▶ Task
Leaving out pictures, output exactly the lines below from the one that has "18K Gold-Plated, Rhinestone-Embellished" through the one that has "Vue de dessus", and nothing else.

▶ Supplied data
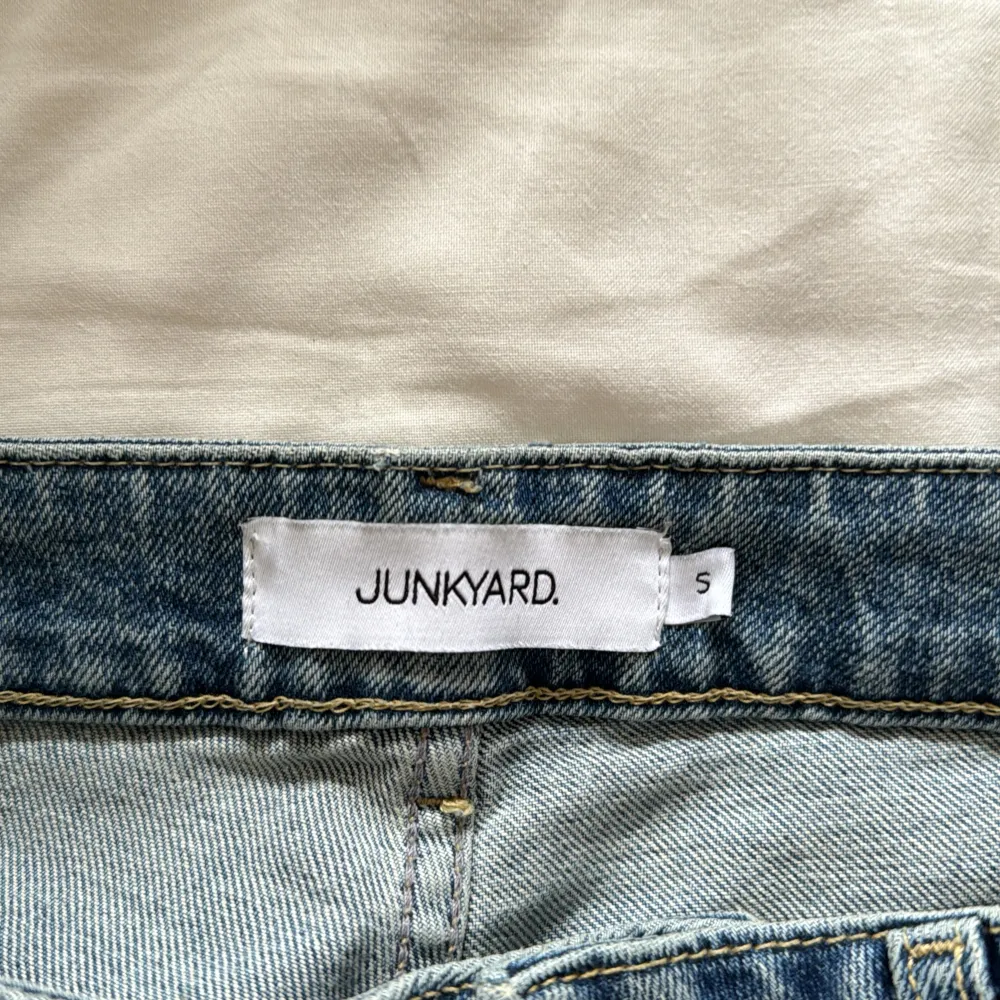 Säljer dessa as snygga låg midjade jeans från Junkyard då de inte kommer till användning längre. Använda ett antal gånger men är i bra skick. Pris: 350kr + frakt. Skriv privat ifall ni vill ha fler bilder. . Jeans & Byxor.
==
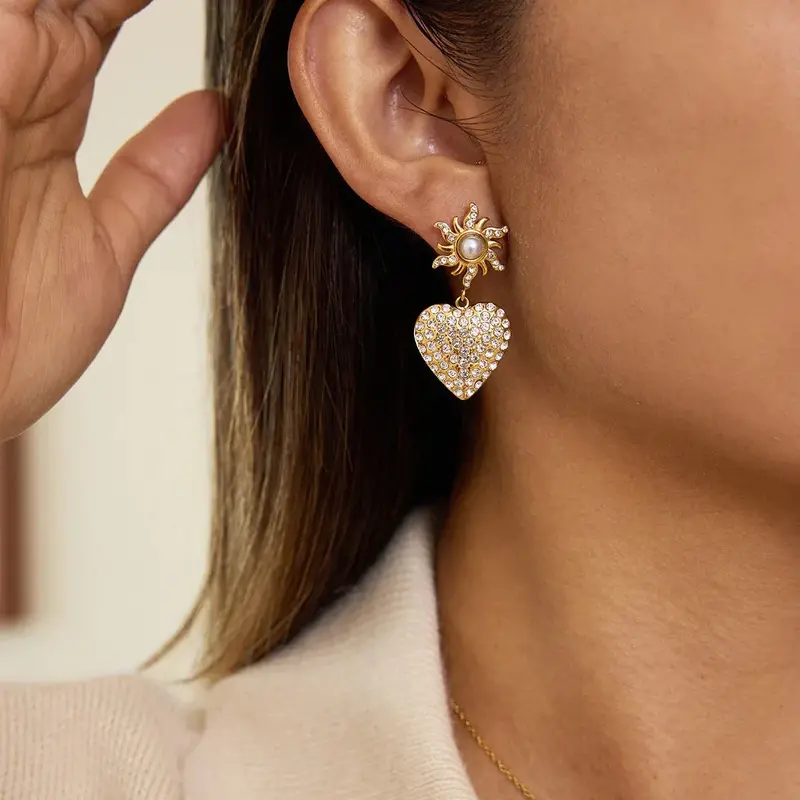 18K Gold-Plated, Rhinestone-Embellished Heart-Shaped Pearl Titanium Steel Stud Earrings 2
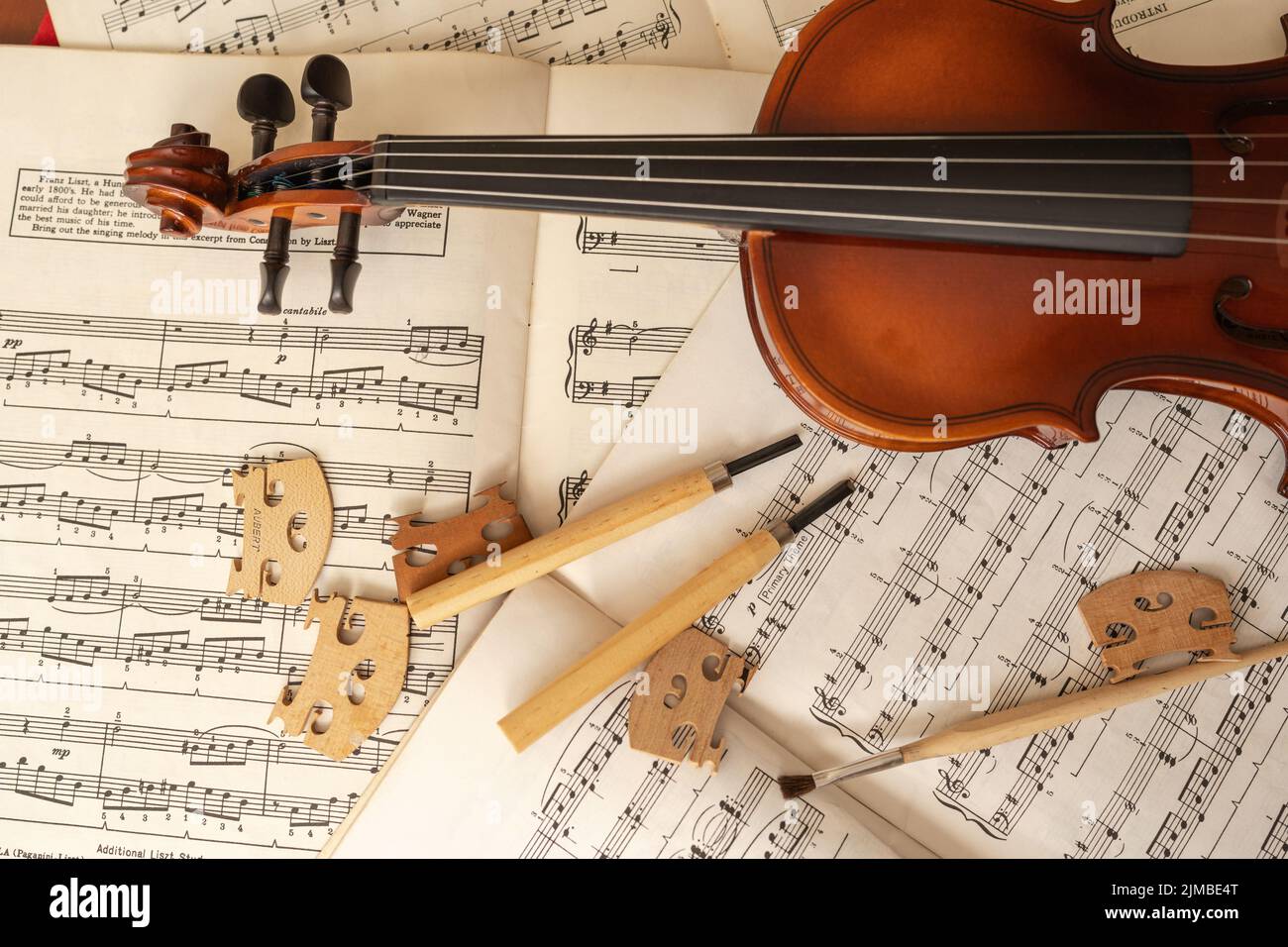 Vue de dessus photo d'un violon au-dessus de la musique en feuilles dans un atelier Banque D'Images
* * *
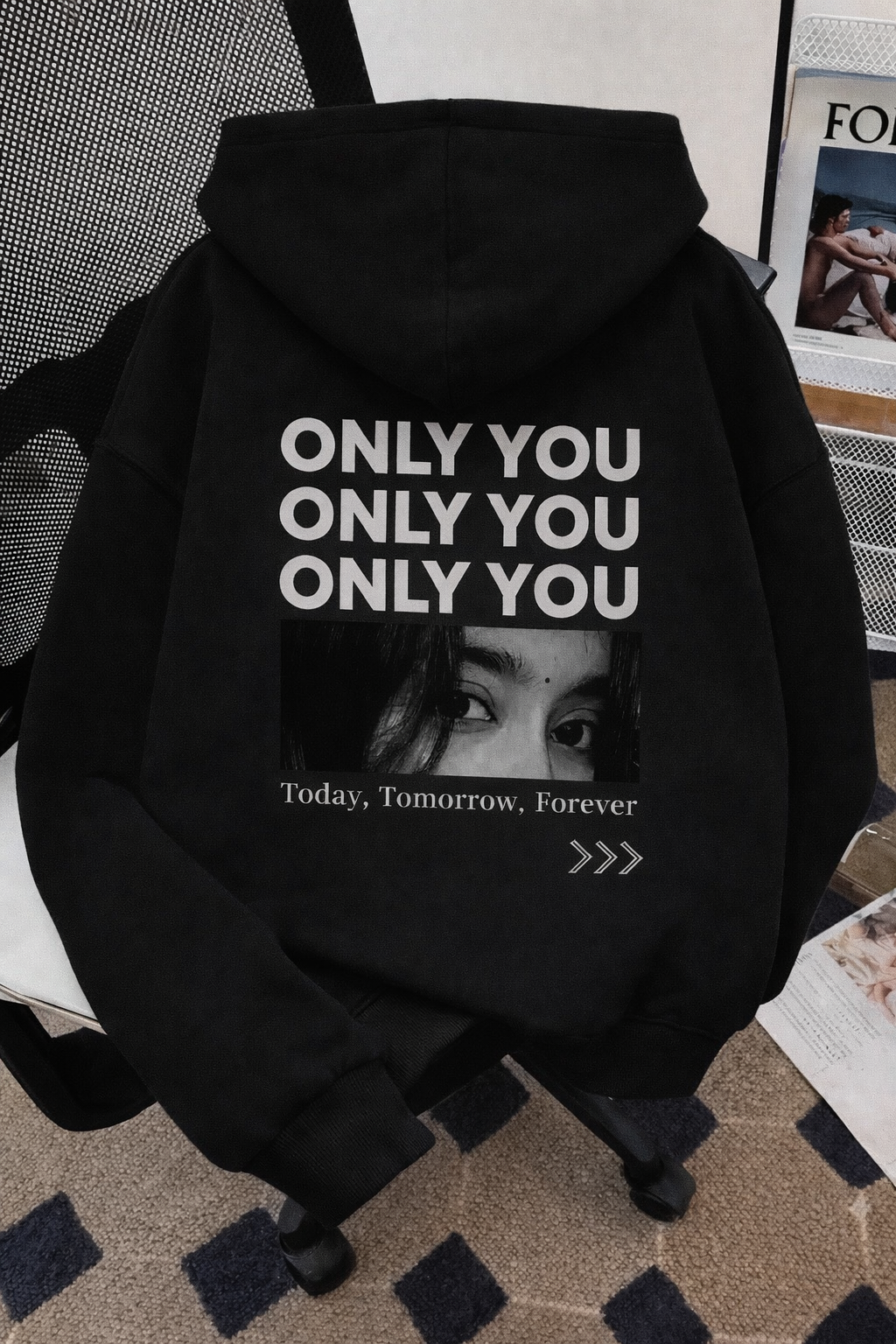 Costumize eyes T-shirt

▶ Answer
 18K Gold-Plated, Rhinestone-Embellished Heart-Shaped Pearl Titanium Steel Stud Earrings 2
 Vue de dessus photo d'un violon au-dessus de la musique en feuilles dans un atelier Banque D'Images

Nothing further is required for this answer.